##### Recorded information

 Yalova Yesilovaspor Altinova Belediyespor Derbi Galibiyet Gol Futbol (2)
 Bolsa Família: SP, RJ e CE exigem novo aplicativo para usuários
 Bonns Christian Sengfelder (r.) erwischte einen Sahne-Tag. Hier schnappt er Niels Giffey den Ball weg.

##########

▸ **Exercise aim**
Nothing should be missing: every line above must be reproduced exactly.

▸ **Output below**
 Yalova Yesilovaspor Altinova Belediyespor Derbi Galibiyet Gol Futbol (2)
 Bolsa Família: SP, RJ e CE exigem novo aplicativo para usuários
 Bonns Christian Sengfelder (r.) erwischte einen Sahne-Tag. Hier schnappt er Niels Giffey den Ball weg.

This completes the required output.